We must be close to the bottom.

EUR
Fortnightly movement: O-1.2126 H- 1.2152 L-1.1874 C-1.1948
Sentiment - neutral but could improve
Expected range for 1 Month: 1.1875-1.2350
Expected range for 3 Months: 1.1650-1.2650

Last fortnight, the dollar pushed the euro all the way down to about 1.1875 thanks to growing expectations of continued Fed tightening, lower than expected US trade deficit in August and very strong net capital inflows of $91.3 bn into the US in the same month. However, benign US core CPI (despite a hysterically high headline number), an unexpected decline in US consumer sentiment, lower than forecast rise in US retail sales, and sharp declines in US industrial production and index of leading economic indicators, helped the euro to rebound strongly last Wednesday thru' Friday to about 1.2075 before a late session slump on Friday to just under 1.1950 reportedly on USD-bound inflows under the Homeland Investments Act.

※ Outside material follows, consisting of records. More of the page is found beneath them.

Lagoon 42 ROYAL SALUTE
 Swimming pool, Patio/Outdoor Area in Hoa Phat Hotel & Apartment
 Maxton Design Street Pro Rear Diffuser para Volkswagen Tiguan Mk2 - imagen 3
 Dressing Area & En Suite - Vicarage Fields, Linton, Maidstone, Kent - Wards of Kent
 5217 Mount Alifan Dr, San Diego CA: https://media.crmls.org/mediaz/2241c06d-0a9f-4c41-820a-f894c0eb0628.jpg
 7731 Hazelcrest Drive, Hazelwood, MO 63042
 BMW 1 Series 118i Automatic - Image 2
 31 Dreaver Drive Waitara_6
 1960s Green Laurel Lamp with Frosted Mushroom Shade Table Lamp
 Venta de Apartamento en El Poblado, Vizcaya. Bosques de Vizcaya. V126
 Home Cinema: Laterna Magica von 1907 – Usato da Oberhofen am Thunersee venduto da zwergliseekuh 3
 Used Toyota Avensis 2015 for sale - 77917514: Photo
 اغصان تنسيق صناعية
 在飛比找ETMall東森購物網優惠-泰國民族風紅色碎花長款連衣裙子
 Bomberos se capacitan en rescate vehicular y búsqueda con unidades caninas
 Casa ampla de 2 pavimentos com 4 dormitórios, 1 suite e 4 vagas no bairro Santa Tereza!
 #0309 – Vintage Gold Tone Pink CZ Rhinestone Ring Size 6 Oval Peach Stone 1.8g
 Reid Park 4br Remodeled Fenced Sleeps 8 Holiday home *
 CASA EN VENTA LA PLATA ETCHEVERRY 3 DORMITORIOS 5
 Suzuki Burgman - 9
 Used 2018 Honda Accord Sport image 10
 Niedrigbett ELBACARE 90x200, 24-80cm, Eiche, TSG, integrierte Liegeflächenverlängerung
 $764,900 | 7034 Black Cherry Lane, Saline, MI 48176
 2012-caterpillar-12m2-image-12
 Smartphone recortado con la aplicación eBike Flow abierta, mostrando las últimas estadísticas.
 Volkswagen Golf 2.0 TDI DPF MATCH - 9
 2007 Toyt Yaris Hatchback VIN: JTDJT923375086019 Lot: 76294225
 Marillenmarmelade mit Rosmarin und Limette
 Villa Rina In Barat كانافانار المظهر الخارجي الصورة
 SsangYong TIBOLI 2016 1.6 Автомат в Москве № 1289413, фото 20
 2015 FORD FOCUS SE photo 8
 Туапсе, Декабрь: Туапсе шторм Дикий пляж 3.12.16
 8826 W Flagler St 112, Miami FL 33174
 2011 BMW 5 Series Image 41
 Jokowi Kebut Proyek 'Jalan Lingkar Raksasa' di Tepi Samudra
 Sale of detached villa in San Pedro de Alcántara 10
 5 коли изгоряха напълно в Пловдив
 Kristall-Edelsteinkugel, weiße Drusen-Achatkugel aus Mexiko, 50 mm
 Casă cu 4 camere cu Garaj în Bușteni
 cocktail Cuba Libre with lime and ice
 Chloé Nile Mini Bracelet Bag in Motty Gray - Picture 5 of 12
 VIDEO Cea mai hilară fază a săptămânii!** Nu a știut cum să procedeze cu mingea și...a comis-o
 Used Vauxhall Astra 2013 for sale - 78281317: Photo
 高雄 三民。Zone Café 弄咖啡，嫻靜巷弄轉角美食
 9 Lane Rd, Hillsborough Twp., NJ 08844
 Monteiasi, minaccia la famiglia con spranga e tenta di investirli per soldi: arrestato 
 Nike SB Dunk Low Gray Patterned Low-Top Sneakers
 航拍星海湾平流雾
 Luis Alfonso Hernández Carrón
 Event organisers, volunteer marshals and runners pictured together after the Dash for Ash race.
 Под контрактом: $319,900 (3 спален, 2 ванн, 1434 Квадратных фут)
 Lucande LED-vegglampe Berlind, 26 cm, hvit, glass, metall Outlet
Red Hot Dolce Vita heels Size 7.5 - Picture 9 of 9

While sentiment for the dollar remains positive, in the short term the market is clearly directionless and jumpy.

Expectations of further hikes in the Fed funds target rate to 4.5% or even higher in the next 3-4 FOMC meetings, combined with repatriations by foreign subsidiaries of American companies, could perhaps push the euro to new multi-month lows upto 1.1650 over the next few months, but, before this happens, we believe that a strong rally of 7 cents or more seems to be in the offing amid increasingly hawkish remarks from ECB officials and bullish technical divergences.

GBP
Fortnightly movement: O-1.7598 H- 1.7798 L-1.7391 C-1.7674
Sentiment: positive and likely to improve
Expected range for 1 Month: 1.7500-1.8100
Expected range for 3 Months: 1.7300-1.8300

Sterling fell to about 1.7390 within the first 3 trading of the last fortnight but then staged a smart recovery to about 1.78 following a rise in UK CPI to 2.5% y/y, the October MPC meeting minutes showing that a rate hike could be considered if high oil prices fed into the UK economy and an upbeat 0.7% rise in September UK retail sales. Last Friday's retreat of over a cent was again reportedly due to profit repatriations by US companies.

From a technical perspective, sterling could find support in the 1.7550-1.7600 area before rallying above 1.78 towards 1.83. However, even a dip below 1.7550 is unlikely to overshoot beyond 1.73 before an upward correction towards 1.83.

JPY
Fortnightly movement: O-113.68 H- 115.99 L-113.51 C-115.90
Sentiment: very negative (for yen) but may begin to improve
Expected range for 1 Month: 113.00-117.00
Expected range for 3 Months: 108.50-117.00

The dollar's rally against the yen continued almost uninterrupted except for a short-lived dip from about 115 to 113.75. While Bank of Japan has been hinting at an early end to its policy of quantitative easing, such a policy change doesn't seem likely till next year. Moreover, Japanese money supply growth in September surpassed that in August while Japan's current account surplus dropped sharply in August. These negative Japanese data enabled the dollar to surge to a 2-year high above 115 yen and stay over the key 115 yen level for an entire week.

So long as the dollars stays over 115, it could move up quickly to 117 yen before a correction of 7-9 yen sets in. Such a sharp dollar correction against the yen and other majors might ensue in the event of a decline in the US ISM service sector index below 50 or another round of Chinese yuan revaluation before President Bush's visit to China next month!